Intimacy - Michèle Roberts


Michèle Roberts is a one of the countries most underrated and under read writers. Her books are absorbing explorations of the human condition. Her stature and ability as a writer is comparable to that of Graham Greene and valid for several reasons. Her ‘entertainments’ as Greene dismissively referred to his books, are extremely well written. She has experimented both in form and content over the years and has been original in both. She has been a passionate writer and a crusader of social and political causes, controversial and confrontational. And like Greene, her Catholic education and upbringing informs a lot of her work. She is a writer who seems to have been side-lined in an age of ‘chick lit’ and trendy gender posturing.  

Some years ago she conducted a literary experiment in one of her books which was a direct attack on the reader’s senses. The unforeseen and unexpected sexual assault of a young woman is the catalyst for this experiment. She wanted the reader to experience a ‘rupture’ in the narrative and in the act of reading itself. She also wanted the reader to be shocked into a new and more meaningful relationship with her theme – here, intimacy.  
For thousands of years philosophers and poets have endeavored to express the nature of intimacy. The problem is that intimacy sits astride the psyche and soma and is fully found in both. Aristotle explored intimacy as a pleasurable, useful, virtuous relationship. While accepting this, Sartre would go further and write that it was much more a romantic, passionate and sexual attachment. His philosophy gives precedence to the pleasure of the real and existential sexual act, leaving little or nothing of emotional value post coitus. Joyce, a lapsed Catholic, explored intimacy in stream of consciousness and in his characters intimate personal actions, defecating or masturbating. Unlike Sartre, Joyce frequently returns to themes of transcendence, he acknowledges and explores the abstract metaphysical world.

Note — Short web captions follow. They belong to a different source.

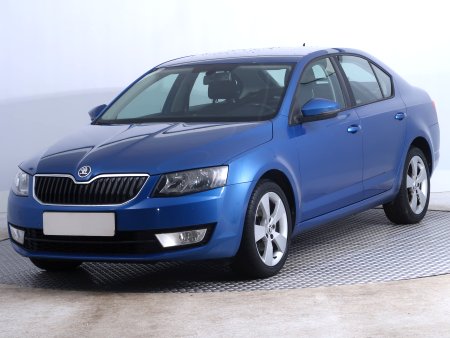 Škoda Octavia, 2013 - pohled č. 3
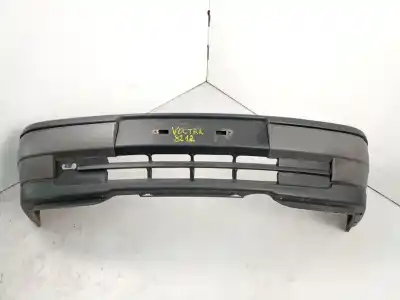 Автозапчасти б/у передний бампер за opel vectra a (j89) 2.0 i cat (f19, m19) ссылки oem iam 90443420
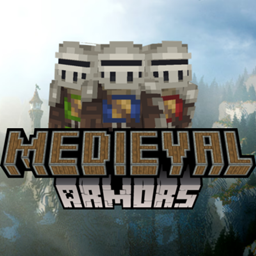 MATTCASTGAMING's Medieval Armors project image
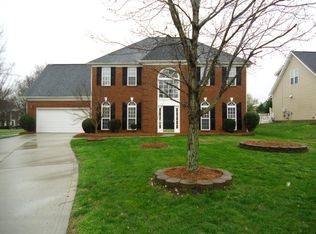 5811 Underwood Ave, Charlotte, NC 28213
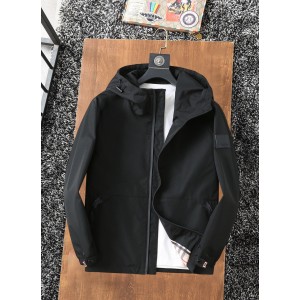 버버리 남자 자켓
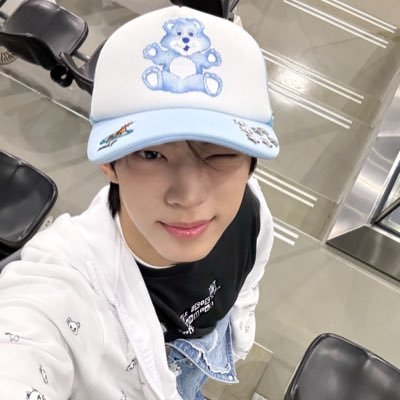 dededohoon's profile picture. kim dohoon biased ⭐️ #247WithUs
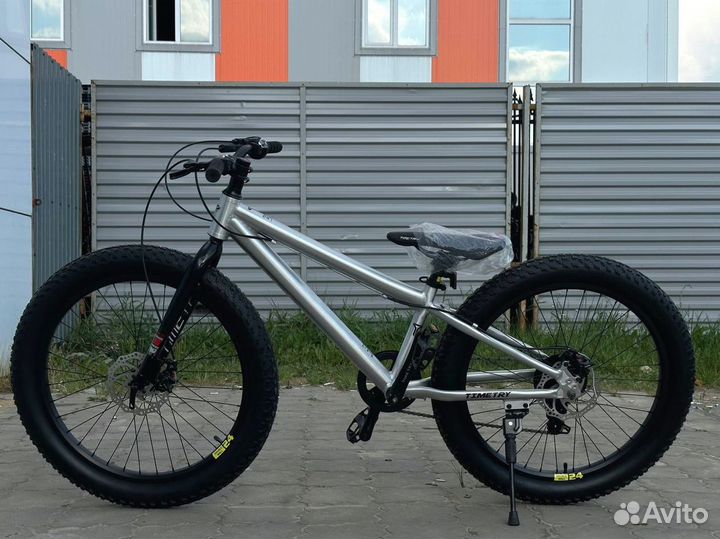 Фэтбайк детский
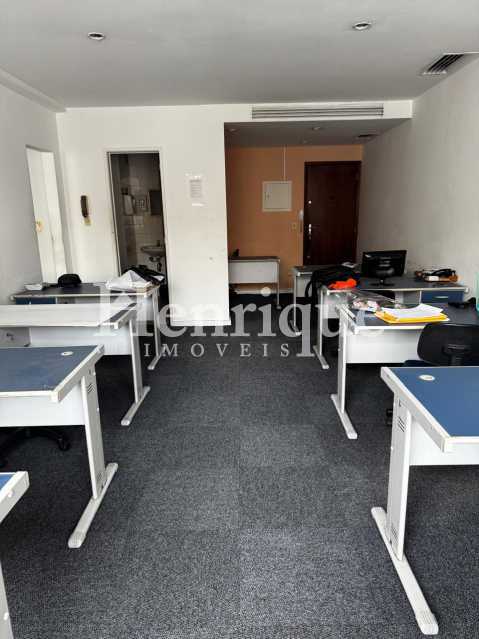 Sala-Conjunto, 35 m² - Foto 4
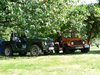LJ80 weekend Duitsland 014
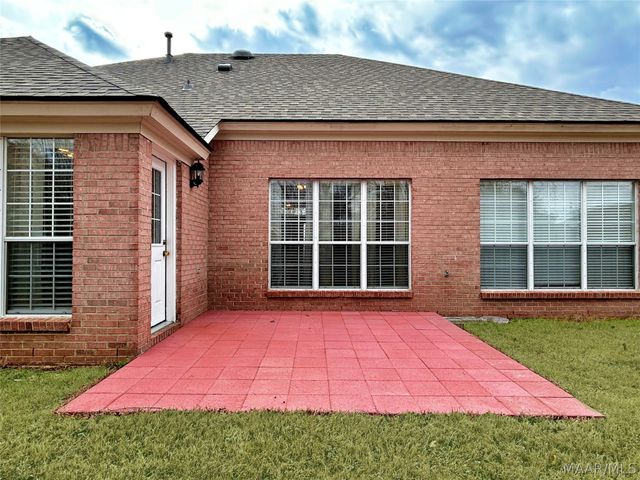 1125 AUTUMN RIDGE Road, Montgomery, AL 36117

Joyce is willing to consider the notion of intimacy beyond the grave, beyond the real. There are many examples of this in Ulysses and in particular Hamlet’s overriding obsession to revenge his father.

In her literary experiment Michèle Roberts uses the existential definition of intimacy, she uses the sexual act. The sexual act can be the moment of greatest pleasure but it is also the moment when the individual is most exposed and vulnerable to ridicule, rejection, or pain, it is the convergence of the psyche and soma, and it is where intimacy is so often thought to be at its profoundest. When her character is violated by a sexual act the reader is shocked - there is an epistemological crisis for both. The reader is shocked into a reappraisal of intimacy, but only some aspects of it, the existential.

Central to a Catholic way of life is the intimacy of prayer. Greene, a convert to Catholicism, conveys something of this intimacy in The End of the Affaire – when a promise is made in prayer to God for the safe deliverance of a lover. Prayer is also a moment of profound intimacy, intimacy with a deity.  This relationship of course requires a level of faith and an understanding of the given deity. There are many problems here as it is possible for an individual to project emotions of an ‘intimate’ type on to another individual, pet, or inanimate object, in effect, one way or illusory ‘intimacy’. Those Christians that believe that God is not a concept, but a real and living God feel that through prayer they are having an intimate relationship. The theology required here depends on the claims made for the deity. An omnipotent, omniscient, omnipresent God, is all powerful, all knowing and everywhere. So is there free will if God is all knowing? Why is there evil if God is all powerful? The problems here are numerous and complex.

It is perhaps unfair to expect an author to explore both existential and metaphysical aspects of a theme like intimacy from one dramatic event. Michèle Roberts’ literary experiment was indeed arresting and thought provoking; metaphorically it was a dramatic shout rather than a stage whisper. But for all that, her work was worth reading, a valuable, cliché free exploration of the rich nature of intimacy. It is lamentable that a diet of sensationalist TV soaps and ‘chick lit’ have debased an understanding of intimacy. Instant gratification in the immediate, existential sexual act seems now to equate to intimacy.